Они выехали из лесной сени, описали небольшой круг, и тогда стали неясно различимы дымовые трубы и фронтоны пасторского дома. Нигде не было видно ни огонька. Экипаж остановился; незнакомец-пассажир ощупью добрался до крыльца и позвонил в колокольчик.

Когда истекли три-четыре минуты, прошедшие в терпеливом ожидании, а не раздалось ни единого звука в ответ, незнакомец шагнул вперед и стал звонить в дверной колокольчик в более решительной манере. Тут ему показалось, что он различает чьи-то шаги в холле и что шарообразная дверная ручка как будто пришла в движение, но никто не появился.

– Должно быть, их и дома-то нету, – вздохнул возница. – А я уж было пообещал себе славный ужин на кухне у пастора Суонкорта. Какие же у него распрекрасные двойные пироги подают, да кексы с инжиром, да сидр, да наливки!

– Ну, довольно, люди добрые! Будь вы богатеи или бедняки, что вам была за нужда являться сюда, на край света, да еще в ночное время? – в тот же миг раздался громкий голос, и оба собеседника, повернув головы, увидели дряхлого субъекта, который, шаркая, медленно вышел из черного входа с роговым фонарем, что болтался в его руке.
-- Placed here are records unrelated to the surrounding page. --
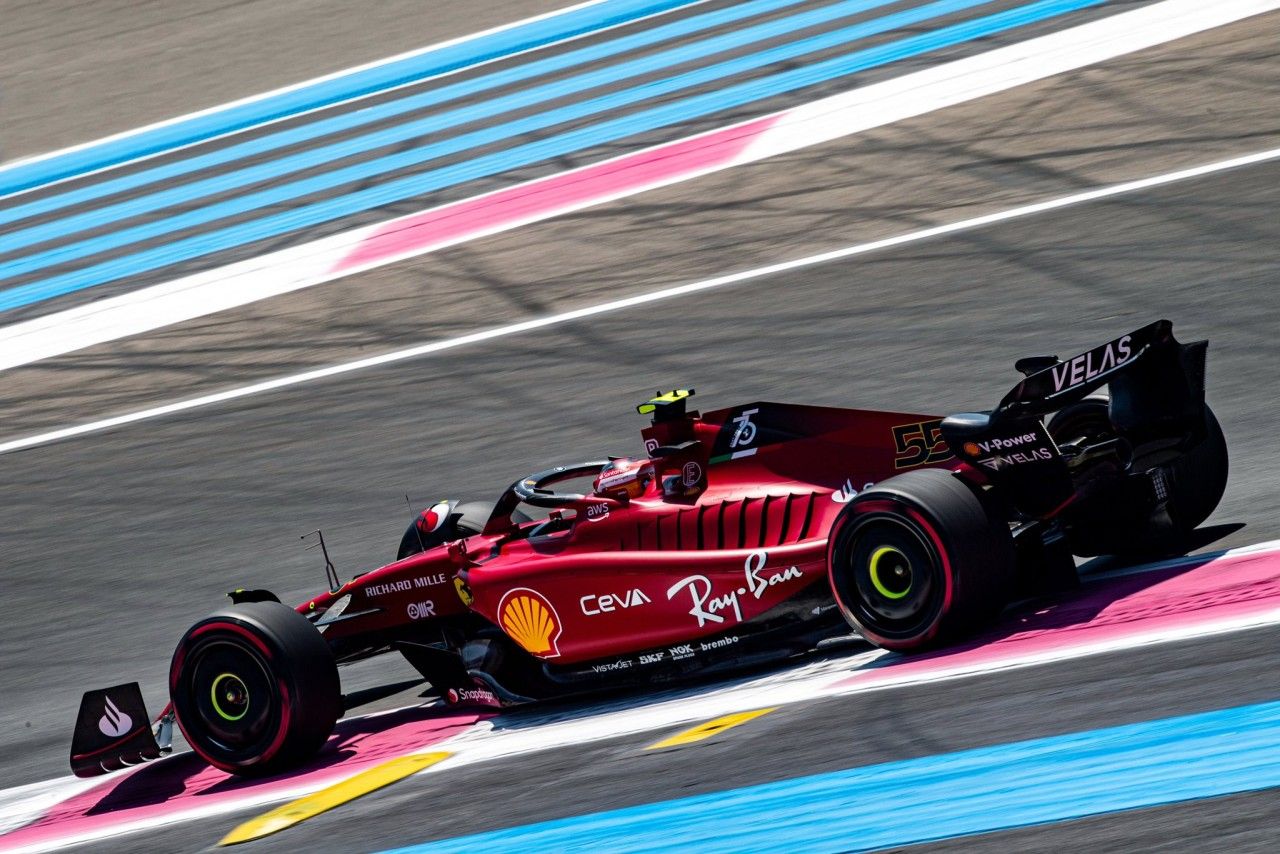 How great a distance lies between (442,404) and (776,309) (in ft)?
7.61

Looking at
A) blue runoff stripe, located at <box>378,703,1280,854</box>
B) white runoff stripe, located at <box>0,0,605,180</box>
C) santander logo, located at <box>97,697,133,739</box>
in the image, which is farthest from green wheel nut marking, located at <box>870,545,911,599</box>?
white runoff stripe, located at <box>0,0,605,180</box>

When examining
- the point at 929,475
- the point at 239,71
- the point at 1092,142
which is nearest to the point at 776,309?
the point at 1092,142

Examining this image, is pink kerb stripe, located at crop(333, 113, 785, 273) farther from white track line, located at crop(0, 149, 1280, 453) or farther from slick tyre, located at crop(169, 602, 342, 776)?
slick tyre, located at crop(169, 602, 342, 776)

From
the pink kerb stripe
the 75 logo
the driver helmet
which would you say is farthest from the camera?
the pink kerb stripe

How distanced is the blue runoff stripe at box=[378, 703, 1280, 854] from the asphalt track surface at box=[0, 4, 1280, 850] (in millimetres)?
98

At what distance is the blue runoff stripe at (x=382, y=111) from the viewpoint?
1886 cm

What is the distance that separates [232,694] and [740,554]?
203 cm

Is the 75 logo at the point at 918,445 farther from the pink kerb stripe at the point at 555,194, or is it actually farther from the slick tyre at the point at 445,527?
the pink kerb stripe at the point at 555,194

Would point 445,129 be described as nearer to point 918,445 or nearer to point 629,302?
point 629,302

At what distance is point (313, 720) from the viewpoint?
6164 mm

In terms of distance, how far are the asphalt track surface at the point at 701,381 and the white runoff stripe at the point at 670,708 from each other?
0.41 ft

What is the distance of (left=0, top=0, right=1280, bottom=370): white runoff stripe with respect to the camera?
1445 centimetres

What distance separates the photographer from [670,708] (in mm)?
5684

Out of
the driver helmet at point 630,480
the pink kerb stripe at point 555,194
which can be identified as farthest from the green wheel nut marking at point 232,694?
the pink kerb stripe at point 555,194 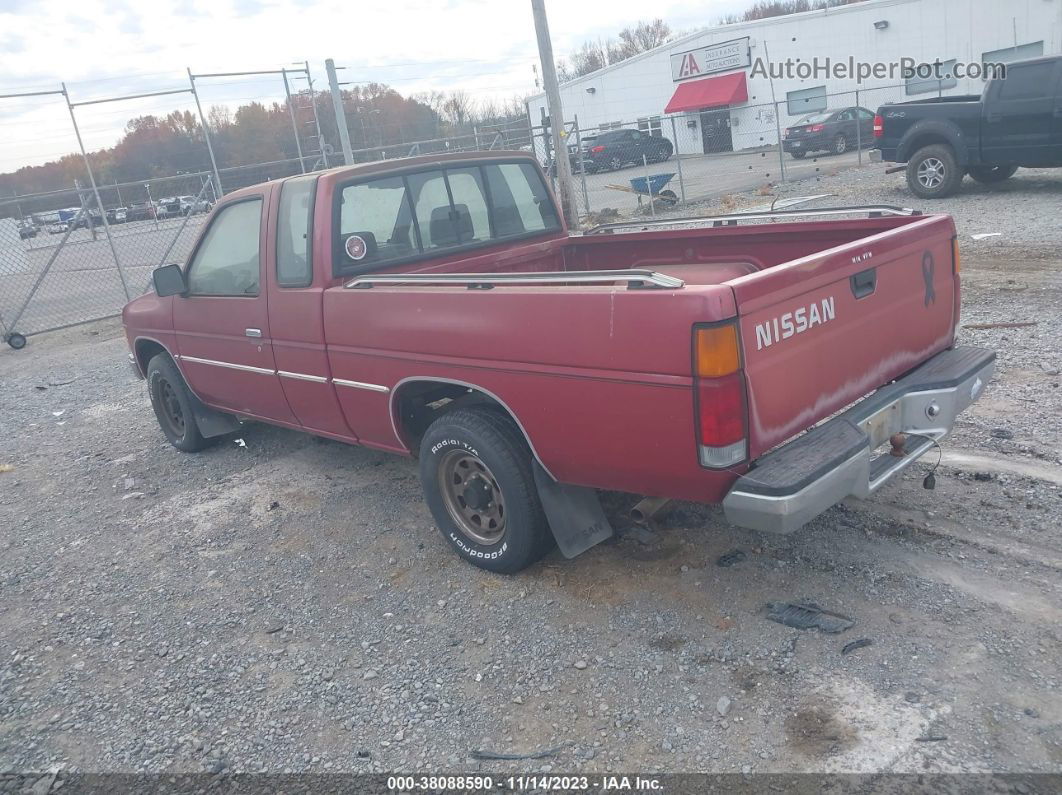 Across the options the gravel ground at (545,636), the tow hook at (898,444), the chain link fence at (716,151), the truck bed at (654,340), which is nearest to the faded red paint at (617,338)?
the truck bed at (654,340)

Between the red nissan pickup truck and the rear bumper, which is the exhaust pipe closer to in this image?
the red nissan pickup truck

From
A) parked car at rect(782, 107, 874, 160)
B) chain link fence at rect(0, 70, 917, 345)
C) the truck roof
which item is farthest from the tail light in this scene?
parked car at rect(782, 107, 874, 160)

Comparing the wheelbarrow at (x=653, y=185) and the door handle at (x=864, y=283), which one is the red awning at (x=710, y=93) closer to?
the wheelbarrow at (x=653, y=185)

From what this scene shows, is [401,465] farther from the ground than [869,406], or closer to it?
closer to it

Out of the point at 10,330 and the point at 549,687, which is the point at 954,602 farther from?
the point at 10,330

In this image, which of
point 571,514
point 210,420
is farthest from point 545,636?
point 210,420

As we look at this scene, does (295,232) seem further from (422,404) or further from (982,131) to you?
(982,131)

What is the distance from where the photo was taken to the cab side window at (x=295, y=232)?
467cm

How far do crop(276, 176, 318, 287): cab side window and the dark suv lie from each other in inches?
1011

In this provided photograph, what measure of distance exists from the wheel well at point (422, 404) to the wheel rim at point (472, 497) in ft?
0.86

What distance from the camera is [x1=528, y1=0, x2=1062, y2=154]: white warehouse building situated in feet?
96.2

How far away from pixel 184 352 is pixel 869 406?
4.65 meters

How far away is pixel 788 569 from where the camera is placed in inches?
153

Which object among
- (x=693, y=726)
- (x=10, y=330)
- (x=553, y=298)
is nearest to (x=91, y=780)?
(x=693, y=726) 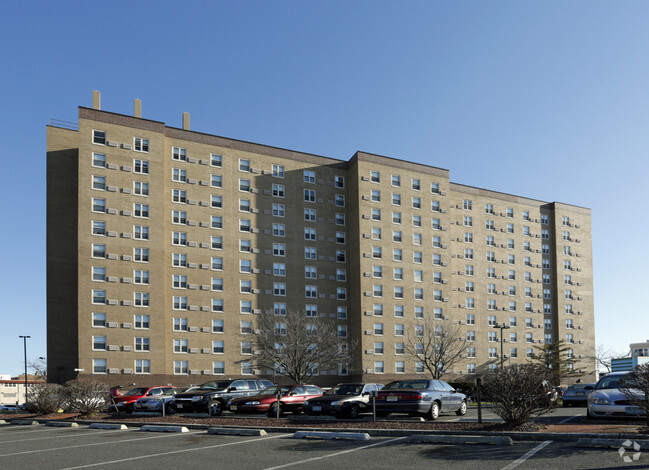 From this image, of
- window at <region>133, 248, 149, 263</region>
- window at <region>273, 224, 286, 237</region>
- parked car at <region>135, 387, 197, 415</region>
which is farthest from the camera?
window at <region>273, 224, 286, 237</region>

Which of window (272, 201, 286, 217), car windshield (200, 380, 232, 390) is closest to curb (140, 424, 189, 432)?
car windshield (200, 380, 232, 390)

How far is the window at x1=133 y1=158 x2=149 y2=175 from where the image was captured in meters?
56.4

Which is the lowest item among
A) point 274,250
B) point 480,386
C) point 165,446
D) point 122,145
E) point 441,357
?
point 441,357

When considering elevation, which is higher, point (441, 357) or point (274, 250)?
point (274, 250)

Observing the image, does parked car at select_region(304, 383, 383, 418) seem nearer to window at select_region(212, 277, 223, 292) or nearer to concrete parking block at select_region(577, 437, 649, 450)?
concrete parking block at select_region(577, 437, 649, 450)

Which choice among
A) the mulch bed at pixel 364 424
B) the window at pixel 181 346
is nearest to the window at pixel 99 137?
the window at pixel 181 346

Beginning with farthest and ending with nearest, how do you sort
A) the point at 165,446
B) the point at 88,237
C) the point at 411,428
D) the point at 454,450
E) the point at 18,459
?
the point at 88,237 < the point at 411,428 < the point at 165,446 < the point at 18,459 < the point at 454,450

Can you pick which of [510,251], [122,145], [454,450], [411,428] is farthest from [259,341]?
[454,450]

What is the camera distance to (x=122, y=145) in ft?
184

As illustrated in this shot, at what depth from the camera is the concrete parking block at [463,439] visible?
13.1 m

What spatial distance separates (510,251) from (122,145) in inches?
1955

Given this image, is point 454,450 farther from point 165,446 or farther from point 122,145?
point 122,145

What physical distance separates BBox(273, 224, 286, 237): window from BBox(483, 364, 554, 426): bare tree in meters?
49.4

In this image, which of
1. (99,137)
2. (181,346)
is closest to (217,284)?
(181,346) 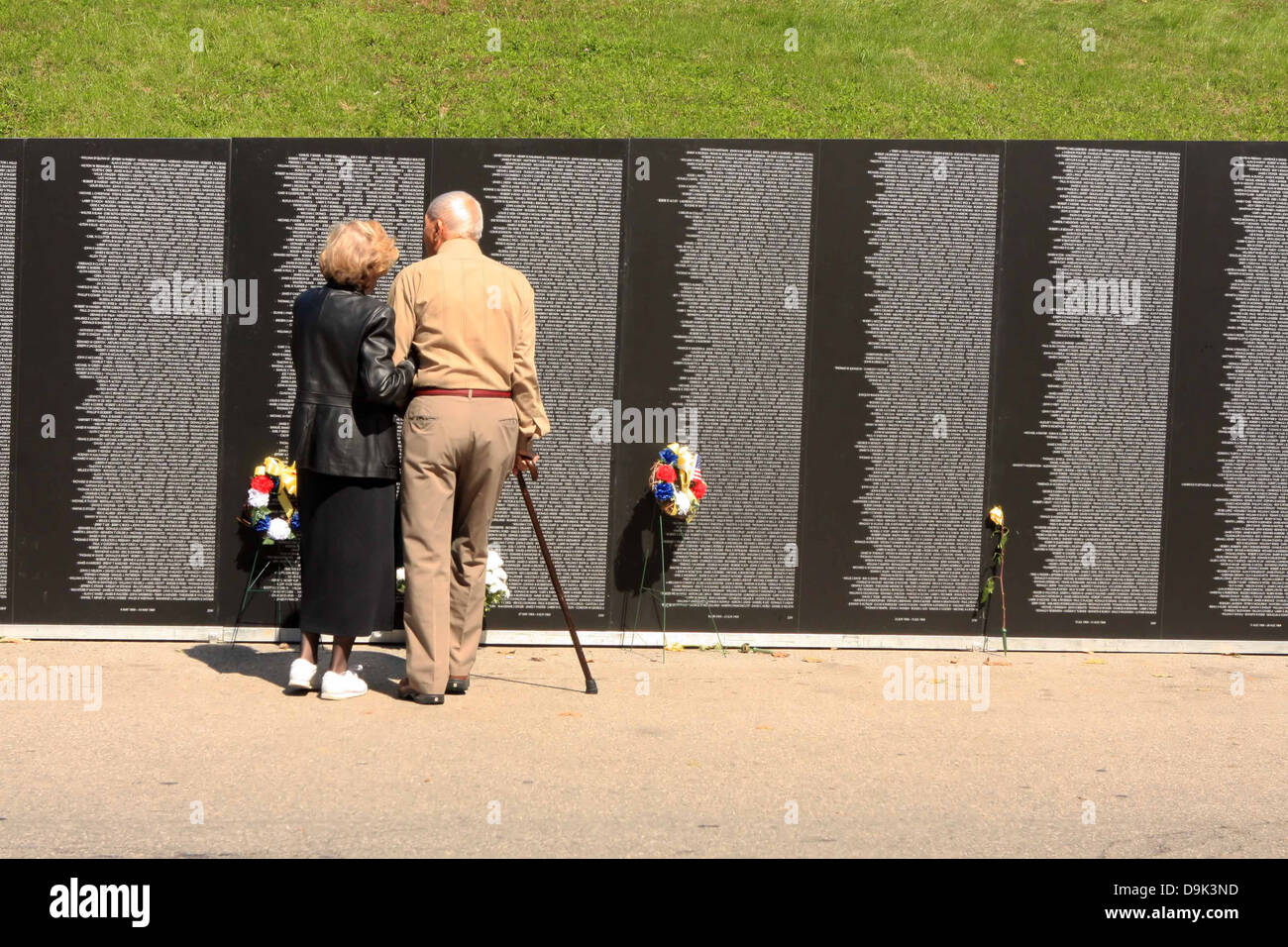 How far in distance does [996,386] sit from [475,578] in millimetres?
3317

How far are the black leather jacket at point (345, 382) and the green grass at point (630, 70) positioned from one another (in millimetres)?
6545

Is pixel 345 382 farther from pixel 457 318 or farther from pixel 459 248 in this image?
pixel 459 248

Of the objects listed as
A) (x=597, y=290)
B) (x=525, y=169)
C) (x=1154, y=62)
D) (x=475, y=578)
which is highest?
(x=1154, y=62)

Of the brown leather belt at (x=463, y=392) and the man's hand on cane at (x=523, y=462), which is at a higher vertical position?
the brown leather belt at (x=463, y=392)

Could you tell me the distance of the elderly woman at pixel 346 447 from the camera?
5.97 metres

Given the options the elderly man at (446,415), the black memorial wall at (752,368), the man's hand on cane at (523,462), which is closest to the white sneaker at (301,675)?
the elderly man at (446,415)

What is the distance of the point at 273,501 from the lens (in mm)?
7488

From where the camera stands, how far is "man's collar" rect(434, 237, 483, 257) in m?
6.19

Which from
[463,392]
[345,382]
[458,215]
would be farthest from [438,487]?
[458,215]

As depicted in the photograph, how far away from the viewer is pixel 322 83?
509 inches

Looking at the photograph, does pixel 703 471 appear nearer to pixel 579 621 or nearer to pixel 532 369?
pixel 579 621

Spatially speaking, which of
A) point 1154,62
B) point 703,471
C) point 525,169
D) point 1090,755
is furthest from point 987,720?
point 1154,62

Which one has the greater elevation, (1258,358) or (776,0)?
(776,0)

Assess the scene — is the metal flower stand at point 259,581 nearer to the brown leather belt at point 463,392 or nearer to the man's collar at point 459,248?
the brown leather belt at point 463,392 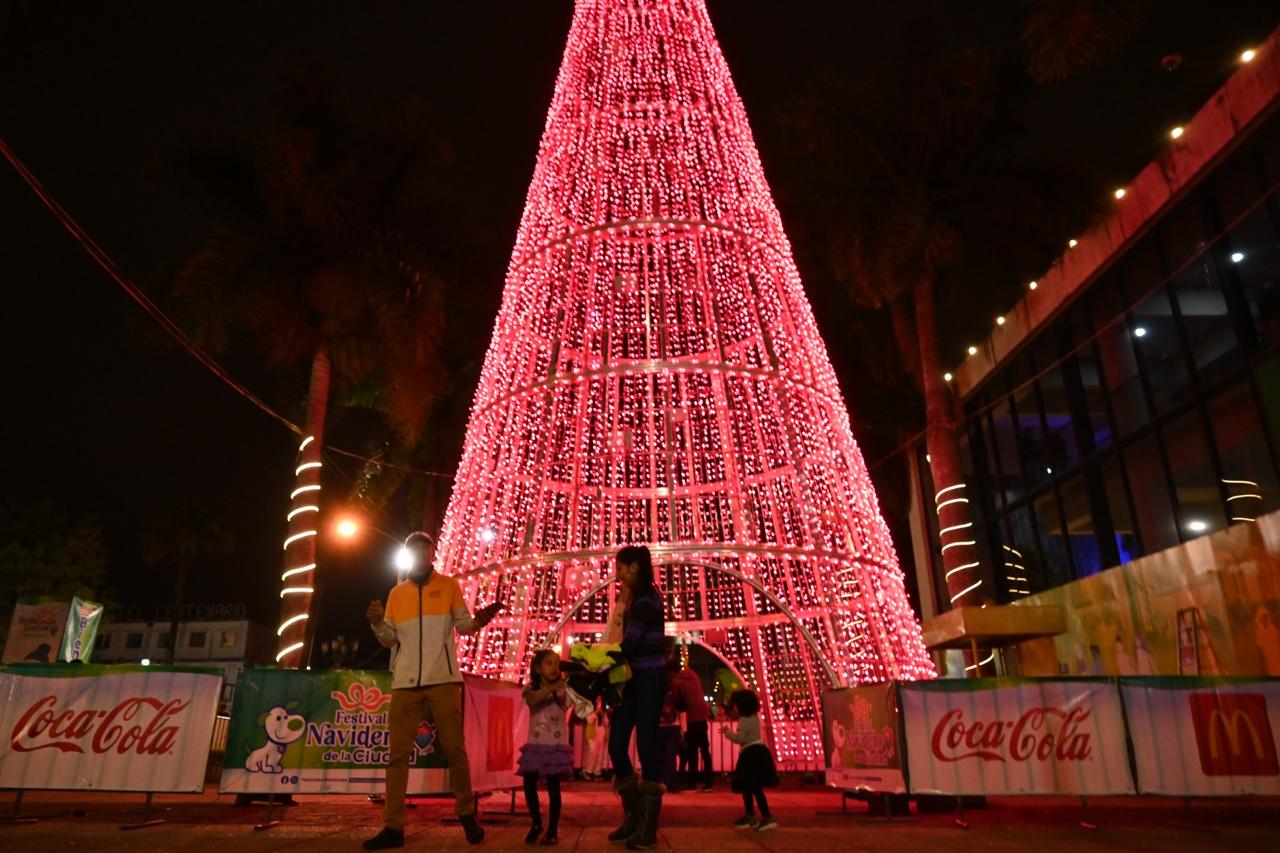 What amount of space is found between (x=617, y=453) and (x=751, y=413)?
85.4 inches

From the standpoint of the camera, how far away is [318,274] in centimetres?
1367

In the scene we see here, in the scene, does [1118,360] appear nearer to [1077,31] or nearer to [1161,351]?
[1161,351]

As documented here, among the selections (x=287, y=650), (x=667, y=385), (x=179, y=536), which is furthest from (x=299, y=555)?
(x=179, y=536)

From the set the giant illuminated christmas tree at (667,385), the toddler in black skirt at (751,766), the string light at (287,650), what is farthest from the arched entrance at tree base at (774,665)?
the string light at (287,650)

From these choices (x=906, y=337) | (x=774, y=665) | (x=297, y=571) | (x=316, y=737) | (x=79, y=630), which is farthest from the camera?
(x=906, y=337)

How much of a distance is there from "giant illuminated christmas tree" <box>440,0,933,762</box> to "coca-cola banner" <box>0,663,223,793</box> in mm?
4082

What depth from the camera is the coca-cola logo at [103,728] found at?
252 inches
– «Ночное время», скажите на милость! А часы только-только пробили семь. Зажги-ка ты свет да пусти нас внутрь, Уильям Уорм.

– Ох, это ты, Роберт Ликпен?

– Он самый, Уильям Уорм.

– И с тобою визитер, которого ожидают?

– Да, – ответил незнакомец. – Дома ли мистер Суонкорт?

– Дома, сэр. Не будете ли вы столь любезны обойти кругом да пройти в дом с заднего входа? Парадную дверь заклинило – размокла от влажного снега, как это с ней порою случается; и теперь ее даже турок не откроет. Я знаю, что я всего лишь бедная старая развалина, которой никогда не расплатиться с Господом за все мои прегрешения, сэр, но я годен на то, чтобы провести вас в дом, сэр.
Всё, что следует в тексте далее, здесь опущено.